DREAM: Document Recognition with Explicit Adaptive Memory
Abstract
Large multimodal models (LMMs) have shown promising performance for various document recognition tasks. However, LLMs adopt implicit modeling, and the parameters lack interpretability. Inspired by recent advances in human memory and learning research, We propose an explicit multiscale prototype memory that augments document recognition models, explicitly modeling recurrent layout and stylistic patterns across different spatial resolutions. A Memory Retrieval Mechanism enables local regions to sparsely attend to a few prototypes (e.g., image borders, tilted text); the retrieved compositional factors are concatenated with visual features and passed to the decoder, providing explicit region-wise structural context.

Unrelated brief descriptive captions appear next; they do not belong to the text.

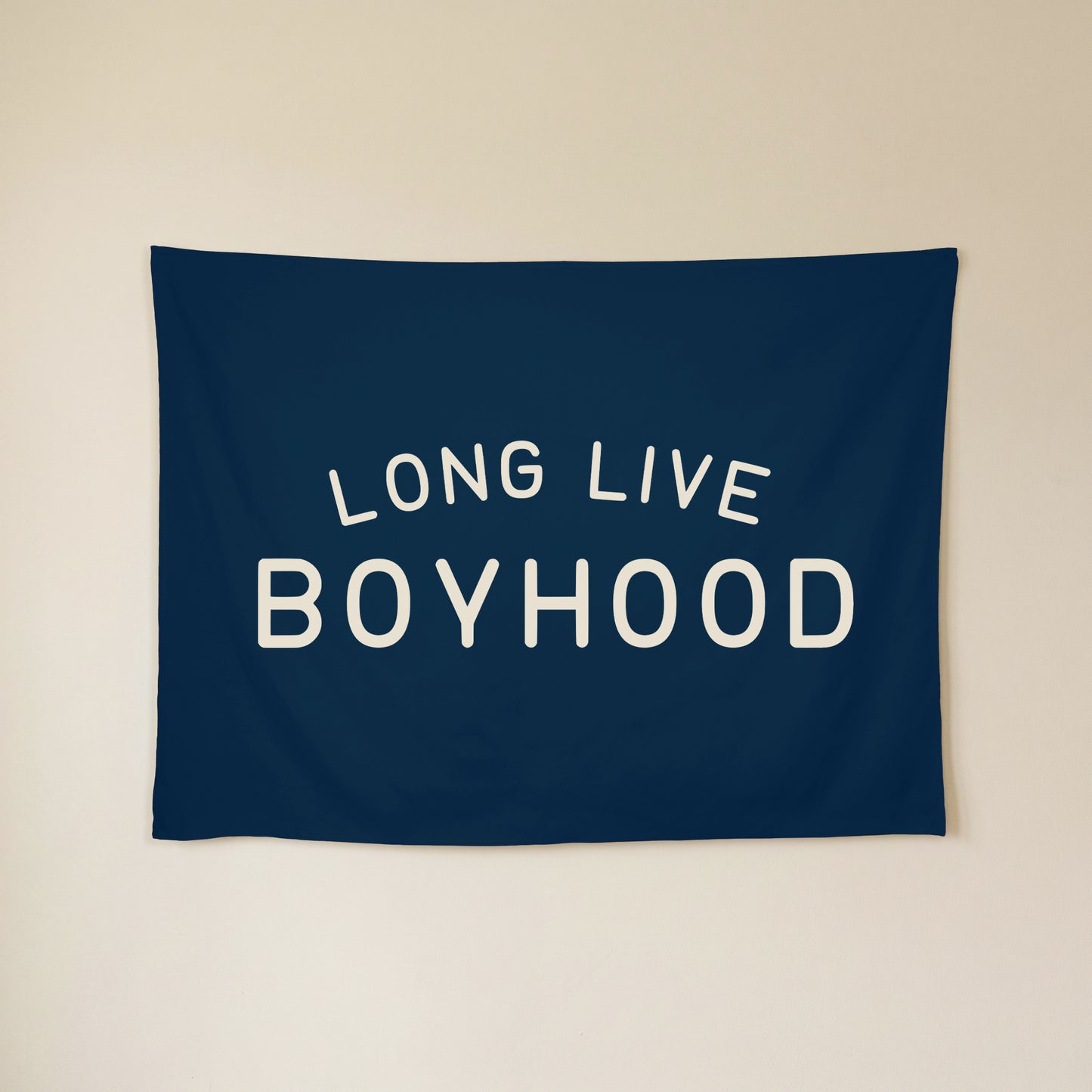 Long Live Boyhood Banner | Boys Room Decor Wall Flag for Nursery or Playroom
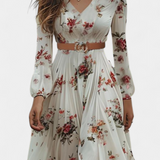 Vestido Maxi Amanda Floral con Escote en V y Mangas Largas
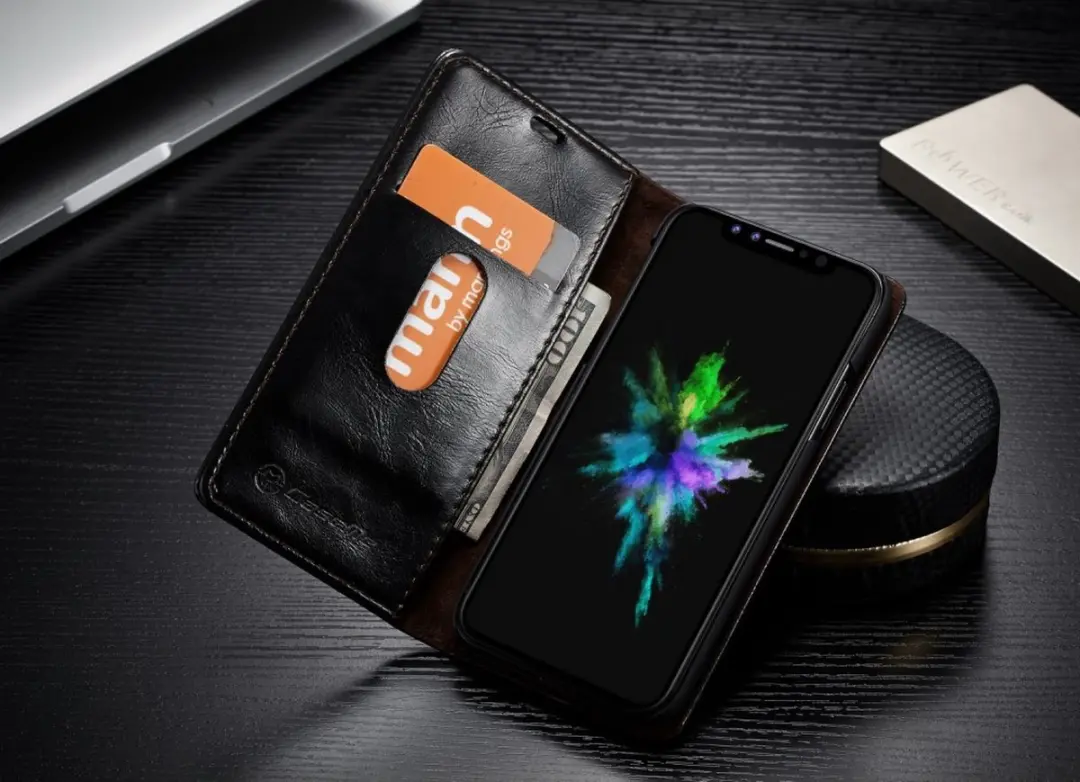Caseme Oil Wallet Lederen Case iPhone X - Bookcase Zwart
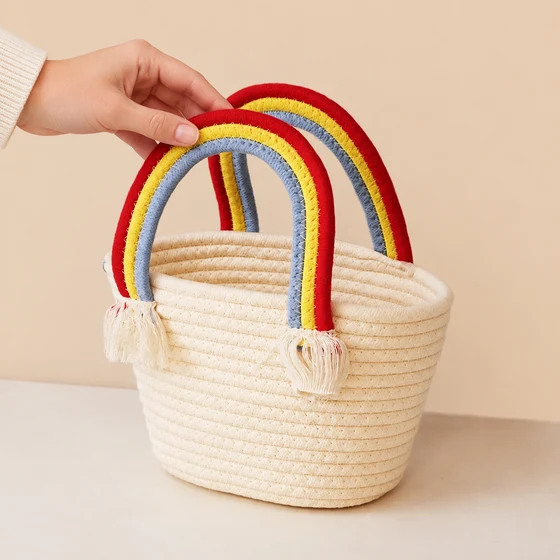 Small Polycotton Rope Basket Handbag, Rainbow Clouds — In hand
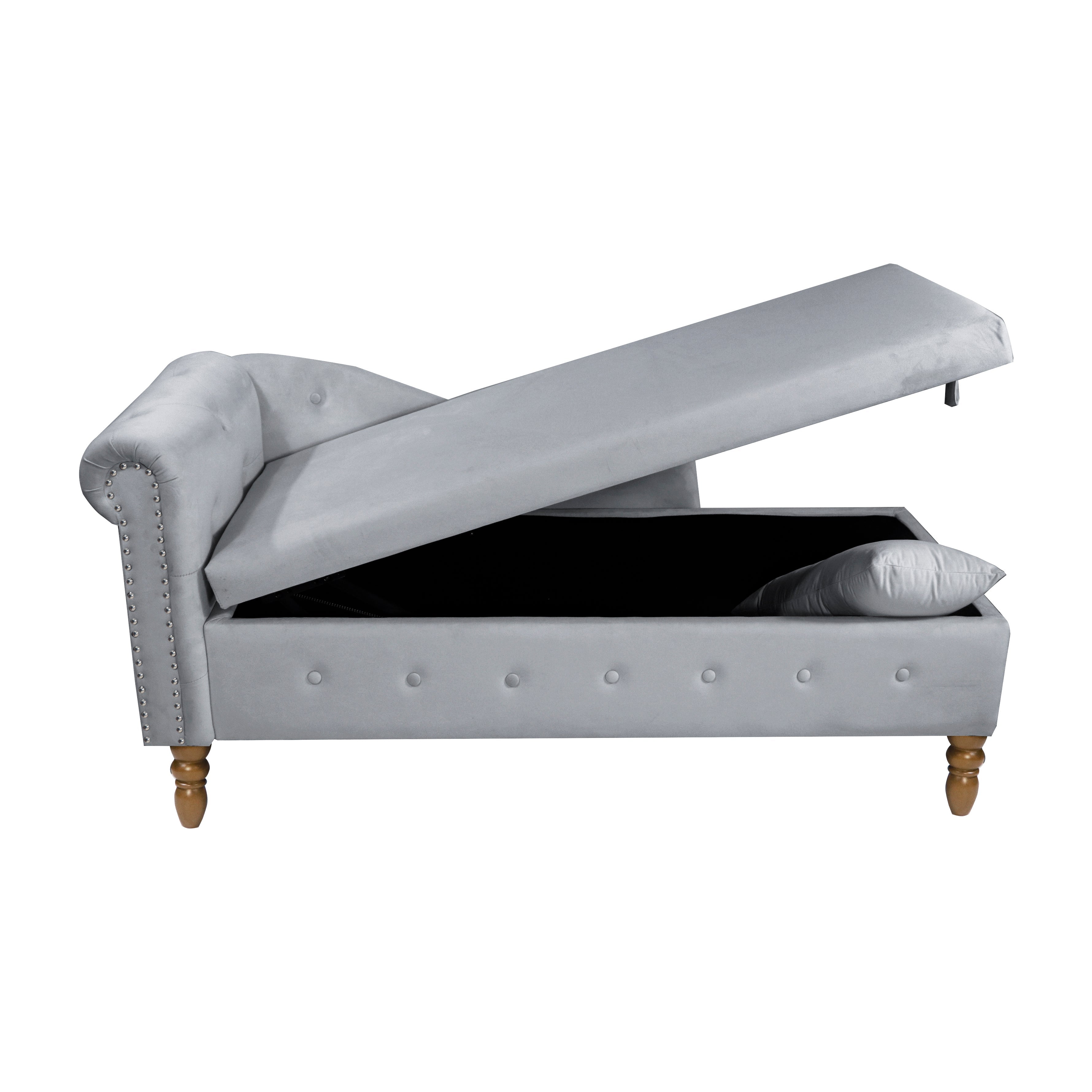 Grey Chaise Lounge Indoor Velvet Lounge Chair for Bedroom with Storage &amp; Pillow Modern Upholstered Rolled Arm Chase Lounge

Prototype memory consolidation updates and stabilizes prototypes via attention-weighted exponential moving average (EMA) strategy, while sparsity and anti-collapse regularization promote selective activation and disentanglement. We further adopt hierarchical memory and a scale-adaptive attention module for multi-resolution encoding, trained with a multi-task, entropy-regularized objective. We validate on two tasks including document recognition on the Fox and the self-built DreamDoc dataset, and handwriting recognition on the SCUT-HCCDoc and SCUT-EPT Chinese handwriting datasets. Experimental results show that the proposed method is effective.